Im Weltraum werden die Kosten drastisch gesenkt
Mitte dieses Monats ist das europäische Forschungslabor Columbus fünf Jahre im All – als Teil der Internationalen Raumstation lSS. Bis 2020 sollen Wissenschaftler dort noch forschen können. Wie aber geht es weiter? Technisch könnte Columbus noch bis 2028 im Weltraum bleiben – entscheidend sind die Kosten: Die will das Industriekonsortium, das Betrieb und Nutzung von Columbus managt, auch in den nächsten Jahren weiter senken.
Es ist schon eng auf der Internationalen Raumstation (ISS), aber manchmal wird es noch enger. Im März vergangenen Jahres musste die sechsköpfige Besatzung der ISS – unter ihnen der ESA-Astronaut Andre Kuipers – Zuflucht in den beiden an der ISS angedockten Soyus-Rückkehr-Kapseln suchen, weil Trümmer eines russischen Satelliten der ISS gefährlich nahe kamen. Doch alles ging gut, der Weltraumschrott flog an der Station vorbei.
Ereignisse wie diese sind selten. Dennoch sind sie Teil immer wieder geübter Routinen an Bord der ISS. In der Regel jedoch ist die Arbeit an Bord der ISS und des europäischen Weltraumlabors Columbus von langfristig festgelegten Arbeitsabläufen geprägt.
Hinter diesen Trainings- und Arbeitsabläufen steckt ein komplexes Management mit vor allem einem Ziel: die Sicherheit und Leistungsfähigkeit der ISS und ihrer Forschungseinrichtungen zu garantieren – und das zu sinkenden Kosten.
Die ISS besteht aus russischen, amerikanischen und kanadischen Elementen, Japaner und Europäer haben zwei große Labors geliefert.

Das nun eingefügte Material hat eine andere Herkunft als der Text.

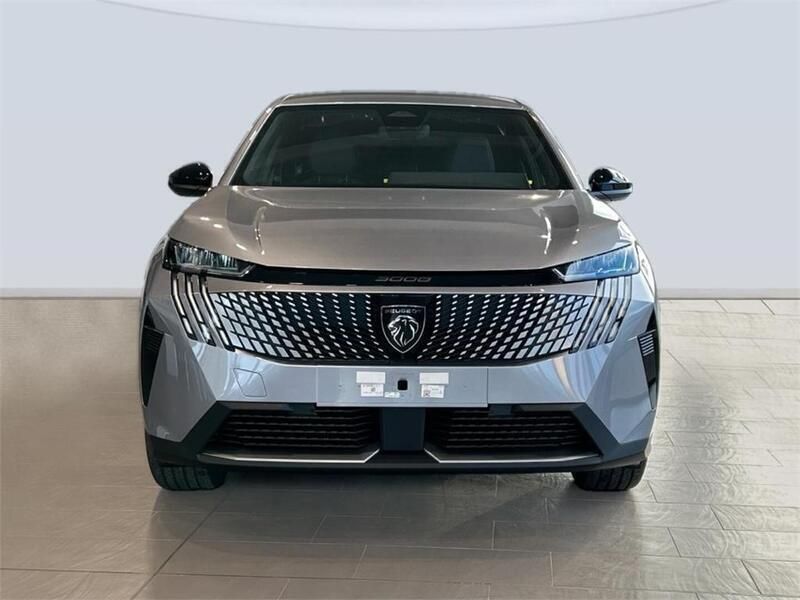 Usado Peugeot 3008 Allure 136 CV (100 kW) 2024 Gris artense SUV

Für Instandhaltung und Service ihrer ISS-Elemente sind die Herkunftsländer verantwortlich.
Aber nur die Europäer, so Helmut Luttmann, „haben das Management ihrer Raumstationselemente einem industriellen Konsortium übertragen“. Luttmann ist bei der EADS-Tochter Astrium in Bremen zuständig für Betrieb und Nutzung der europäischen Elemente der Raumstation, insbesondere des Columbus-Labors.
Auftraggeber des von Astrium geleiteten und aus fast 40 Unternehmen bestehenden Konsortiums ist die europäische Weltraumagentur ESA. Im Rahmen der Verträge ist das Konsortium zuständig für sämtliche Dienstleistungen zum Betrieb der europäischen Anteile der Raumstation.
Dazu gehören Missionsvorbereitung und -durchführung, die Experimente an Bord der Station und deren Vorbereitung am Boden. Hinzu kommen die Wartung von Columbus, die Betreuung der Bodenstationen, die Astronautenausbildung sowie die Sicherstellung des Datentransfers von der ISS zur Erde und die Logistik.
Astrium hat diese Aufgaben 2004 übernommen. Als im Februar 2008 Columbus dann zur ISS transportiert wurde, wurden die Verträge neu verhandelt, zumal zum Service von Columbus noch das Management des europäischen Raumtransportes ATV hinzukam.
Dieses ganze Service-Paket steht unter einem enormen Kostendruck. Als Columbus die ersten Jahre im All war, lagen die jährlichen Betriebs- und Nutzungskosten bei gut 400 Mio. €, mittlerweile liegen sie bei 100 Mio. € und ab 2016 werden sie auf gut 70 Mio. € sinken.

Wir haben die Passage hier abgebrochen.